Friday night we visited McGann’s pub down the other end with Ryan (girl Ryan) and Kiwi/Austrian Stefan. More traditional music but with a double bass which was interesting.
Okay Im not really breaking it down much but I’ll keep going. Feel free to skim. Or just sit and imagine me and my MC Hammer moves – that’ll make for a more entertaining time.
Saturday: was to be the day I realized just what a hole Doolin is (in the nicest nicest possible way), when I found out there was no ATM/bank/postoffice. You can use your credit card to charge drinks at the bar though. So we caught a ride with more Aussies (arrghh!) to Lahinch about 6miles away. Got some money out and spent a couple of hours sitting down at Lahinch surf beach in the sunshine watching crazy people freeze several or more of their body parts off swimming and learning to surf. Its a really touristy sort of place, big on the ‘learn to surf for EU30′ thing, but it was good to be back by the beach. Nothing as nice as home though. Caught a ride back to Doolin (dare I say hitched… only because the buses werent operating until summer) with Ogie, a guy who works making jewellery, musical instruments and wooden things.
Saturday afternoon walked down to see about a job at the restaurant (missed out by a day) then carried on to walk back along the coast. Had to clamber across a couple of fields then over rocky ground shot with crevices. Its so weathered and alien. There were several big boulders which could well have been ancient tombs or something but they also looked alot like just big rocks. If you carry on a lot further down and away from town you can venture into the Burren which is even more rocky and barren, and dotted with ring forts, standing stones etc but I didnt get that far.
I had a quiet night on Saturday, while the now regular crowd did a pub crawl all round town. Woohoo. Three pubs.

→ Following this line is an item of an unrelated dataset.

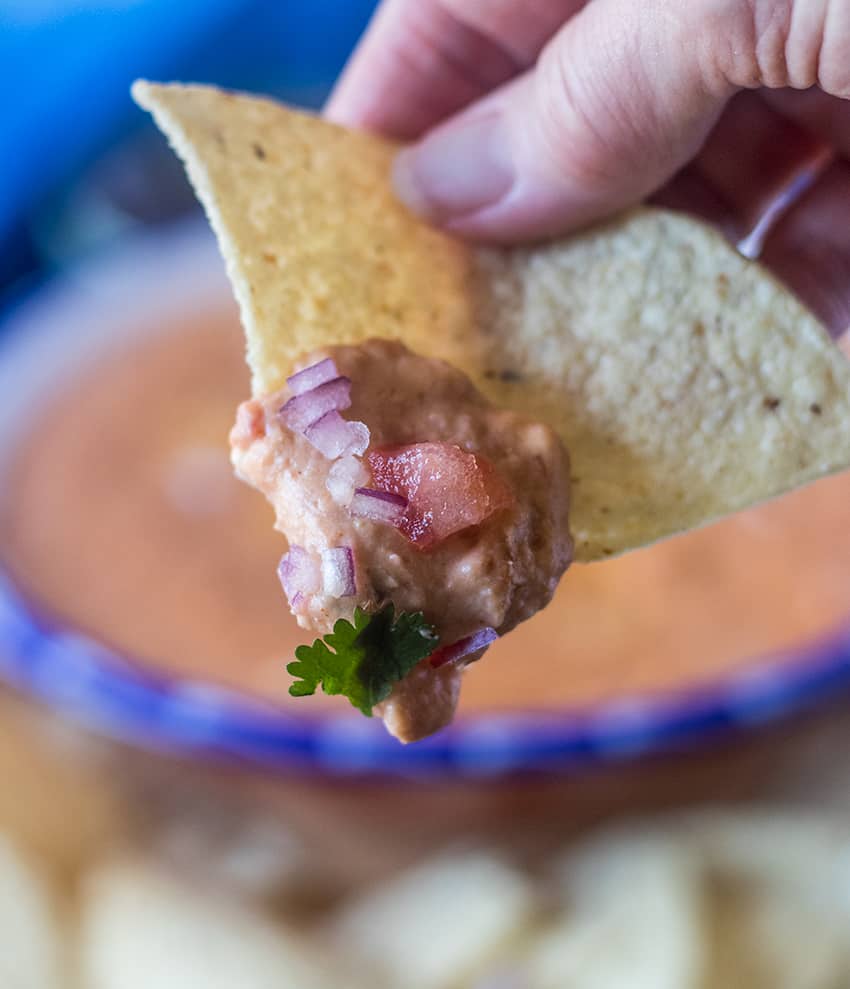 Bean Dip on a tortilla chip being held in hand.
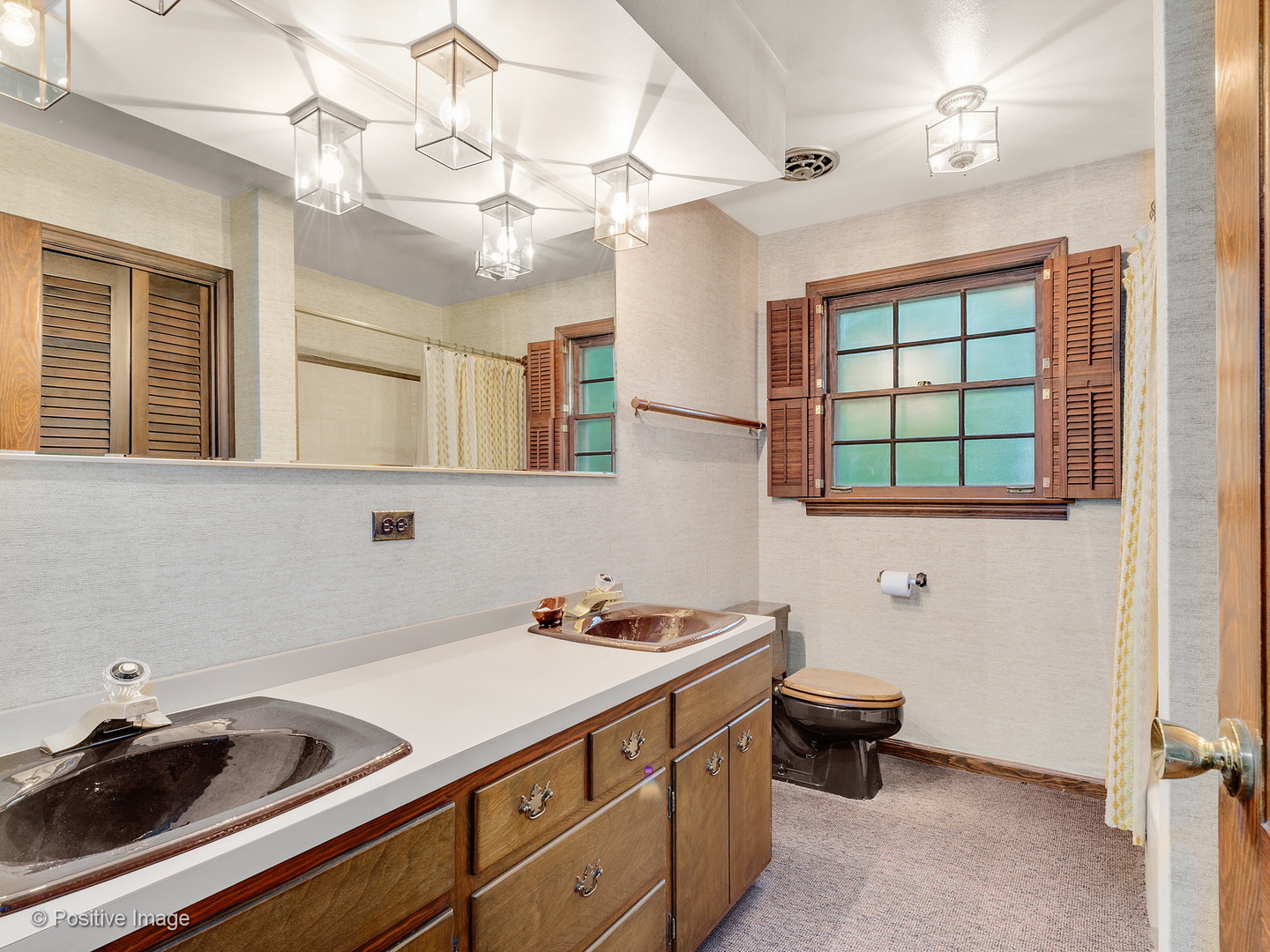 S206 Summit Drive Winfield, IL 60190 - Photo 22 of 34 a kitchen with a sink and cabinets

Sunday spent hanging out by the rocks then having an early dinner so as to beat the huge bunch of Italians to the kitchen. Sunday night I joined the pub crawl. Again woohoo. Three pubs.

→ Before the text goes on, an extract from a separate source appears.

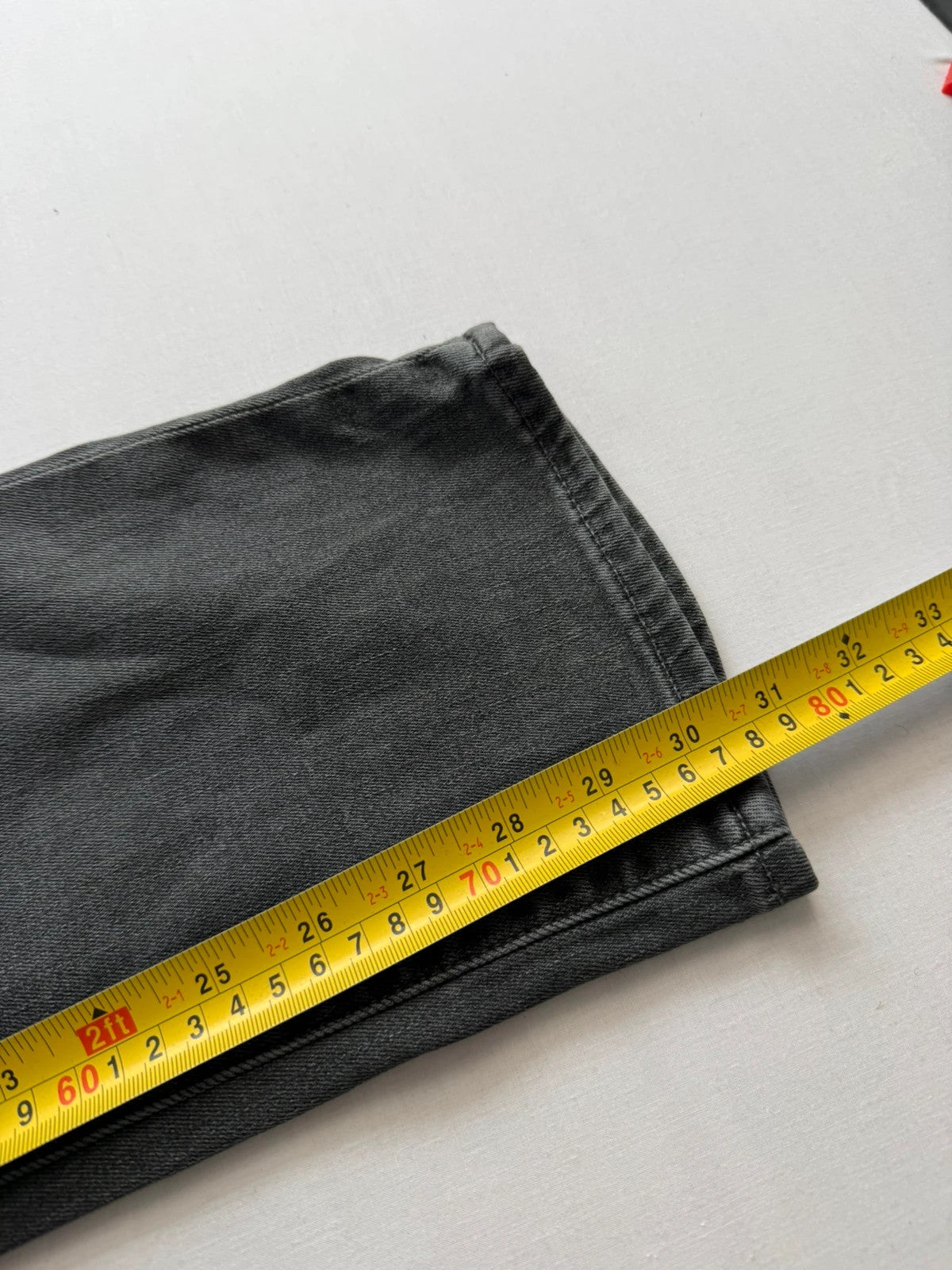 Levi's grey black slim fit jeans with classic five-pocket styling and back arcuate stitching.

Monday I did intend to go on a big of a hike (dont look so suprised, I can hike) into the Burren but the weather was absolutely bitter. Actually more crazy than bitter. Sun one moment, hail the next and I think even some sleet. The wind though, was so icy I couldve cried. But I put my big girl face on and didnt. Spent most of the day inside. Tuesday (thats today) I reluctantly caught the bus back to Galway. Its my plan now to go back to Doolin in May to work, when it will be overrun by tourists – there were busloads arriving everyday while I was there so it’ll be crazy in summer. I left my number at a few places incase anything comes up. Rain and shine its my favourite place so far. I’ll probably dream of Doolin tonight.
This avo, did a bit of shopping for stuff they dont have in holetowns like Doolin, contemplated buying EU200 waterproof gortex jacket for trip to Aran Islands tomorrow. Still contemplating. So yeah, off to Inishmor, the larger of the Aran Islands tommorow for more big rocks and barren landscapes. I love it.